Writer-director Andrew Semans isn’t going to hand the answer to the psychological riddle that easily. Odd things happen, like Abby finding a human tooth in her wallet. Now, that seems like a very random event, but the slow crawl of hysteria forms in Margaret’s mind — further compounded by a sudden accident to Abby later. Like any parent, they want to keep their children safe, and it seems the prospect of Abby being in a different place is starting to hit Margaret. However, at a conference, she catches a glance of a face from the past. David (Tim Roth) seems innocent, but his presence loosens something inside Margaret—sending her off in a panic.

Delivered in a captivating monologue by Hall to Gwyn (Angela Wong Carbone), an intern she gives relationship advice to—the fog of her past clears. Soon, the film turns into a cat-and-mouse chess match between Margaret and David. Is he appearing in these places she goes, or is it a repressed memory of a traumatic past jarred loose by sudden stress? Resurrection could go down a path of the least resistance; however, it ventures down a road where the most improbable conclusion is possible. Wyatt Garfield’s cinematography, which shifts between surreal nightmare and escalating paranoia, joins with an excellent performance from Hall. We discover Margaret and David were in a previous relationship when she turned 18 — complete with a multitude of events of emotional abuse and physical challenges called “kindnesses,” leaving her with physical scars.

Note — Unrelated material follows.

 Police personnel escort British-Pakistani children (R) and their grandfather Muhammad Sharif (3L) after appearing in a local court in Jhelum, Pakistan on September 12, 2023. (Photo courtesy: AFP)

Roth’s calm demeanor is unsettling — cascading as someone who claims to operate with Margaret’s best interest in mind. He’s an anxiety trigger and a key to a dark secret. When his gaze turns to Abby, Margaret unravels further — electing to go into full overprotective mode. But who can she turn to for support? Resurrection leaves enough room to make it seem like Margaret is an unreliable narrator, even though it’s indisputable that these events occurred. Could the emotional asphyxiation be from Abby’s impending departure and the realization that Margaret’s steady fixture going out of place? That could be another reason. But with nobody to turn to, Margaret falls back into the painful physical pillars consistent in her abusive relationship in hopes David leaves.

Hall’s physicality morphs into the desperation pushed upon her by the cold and calculating David — often imbrued with tired eyes and aching bones. There seems to be only one conclusion Resurrection could go, but even that subverts any expectations. Margaret is a toy David has claimed ownership of, but Margaret’s independence is in a war with the panic she experiences protecting the thing she loves most. While the film could have just focused on a parent’s anxiety to a growing teenager and a woman’s trauma as a basis for a Hitchcock-like slow-burn nightmare, the conclusion doesn’t take the easy way out. Because a union like this could only end up at a gruesome end — one that’s worth enjoying the twists and turns.